# Potential Buy



## Saskia (Aug 26, 2009)

I went to see this horse and really liked her - needs work but good temperament, quiet and cheap. Will just be used as a trail/pleasure horse, maybe a bit of low level jumping or sporting, just for fun. She is 6yo, QHxArab. I was looking at the pictures and started to worry she is "sickle hocked"? Can you guys take a look at give me your opinion of that and any other faults, and what these would effect? I know her feet are bad and such, but just sort of unfix-able conformation faults. Sorry the pics are pretty bad.


----------



## Chopsticks (Mar 11, 2012)

she's not sickle hocked, she actually may be more camped out but hard to judge by the photos. she has long gaskins and a well angled hock which may place her hind legs a bit behind the 'ideal line'. For what you are looking for, this is not a major concern. as you know, the pics are not ideal but I can see that her front legs looks clean, she has nice pasterns, she's a bit fat, shorter through the hip and perhaps a touch long in the back. none of these are critical issues for a pleasure horse if they are kept in good shape and properly worked. for what you are looking for i would be more concerned about how you liked her gaits and her attitude, which you already said is good. get a ppe to make sure there are no major issues and have fun!


----------



## Chopsticks (Mar 11, 2012)

a quick addition, make sure about the saddle placement - looks to me to be an inch or so too forward. And I have a quarab, they are a wonderful cross. Hardy as the day is long, easy keepers (hence her chubbiness) and can go forever without breaking a sweat. I wouldn't trade mine for the world, at 19 he still outperforms all the youngun's!


----------



## rocky pony (Oct 5, 2007)

I can't speak for the conformation, but wanted to chime in that she's a real cutie and I like the look in her eye, she looks like an independent one. There's just nothing like a sassy little red mare IMHO  lol
Very cute. Good luck!

_Beware the red mare!
Pony and Merrigold_


----------



## lilruffian (Jun 28, 2010)

I would disagree that she _is _sickle-hocked. She stands under herself instead of having her length of leg from hock to fetlock in line with the point of her butt. 
Steep shoulder angle and her neck is set high
Front legs look good
Back is a bit long but she has nice, well-muscled hindquarters


----------



## Saskia (Aug 26, 2009)

I decided to buy her!


----------



## tinyliny (Oct 31, 2009)

Chopsticks,

I wonder if you are referring back to information from Dr. Deb Bennet's conformation studies? just curious.

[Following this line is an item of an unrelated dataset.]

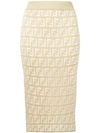 Fendi Logo Embroidered Knit Pencil Skirt In Green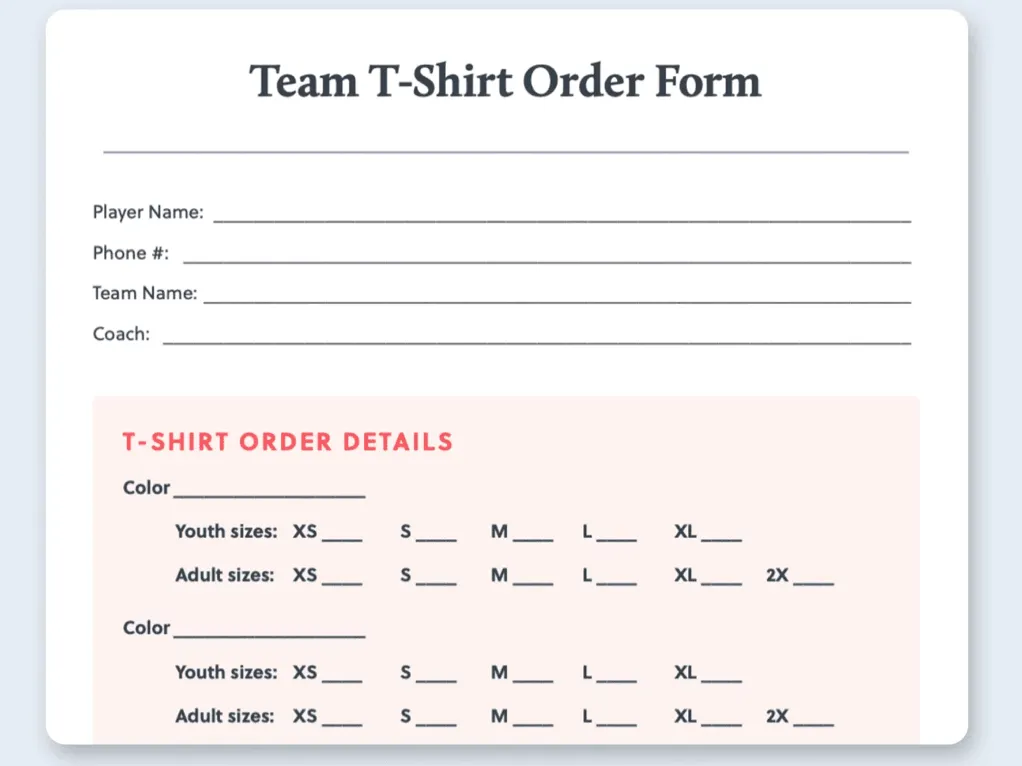 แบบฟอร์มสั่งซื้อเสื้อยืดทีมกีฬา Excel/Google Sheets โดย Bonfire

What kind of leg/hock angle is best suited for jumping?

I think none of these pictures show the dead on side angle that a person needs to judge is there is sickle hockedness. AND the horse must be squared up. She could be standing with her leg under her about for any number of reasons. 

If you brought her leg back til the rear canon were vertical, it might be a bit behind the point of the buttock. Does that mean sickle hocked?


----------



## Chopsticks (Mar 11, 2012)

tiny, agree that none of these are ideal enough to tell for sure, but ones that might appear sickle hocked are clearly not square and the mare is un-naturally standing under herself. the most natural photos show a good hock angle but camped out, or behind the imaginary line you are describing dropped from tail to hock to angle.
not sure about Dr Deb, just have learned from everyone over the years. As far as the kind of jumping the OP is describing, this mares' hocks look fine to me. For a jumper jumper you'd want a more balanced horse from front to back with more of an uphill build if anything. But hey, that's generalizations, plenty of exceptions to the rules everywhere!


----------



## Cali (Feb 4, 2011)

Congrats, Saskia! She's a cutie. What's her name?


----------



## horsemadgirl (Aug 23, 2011)

First of all - you saddle looks a couple of inches to far forward.

A beautiful horse, lovely colour, nice structured head and shoulder. The leg length worries me slightly but it may just be the angle of the photos  nice straight back and what eyes !


----------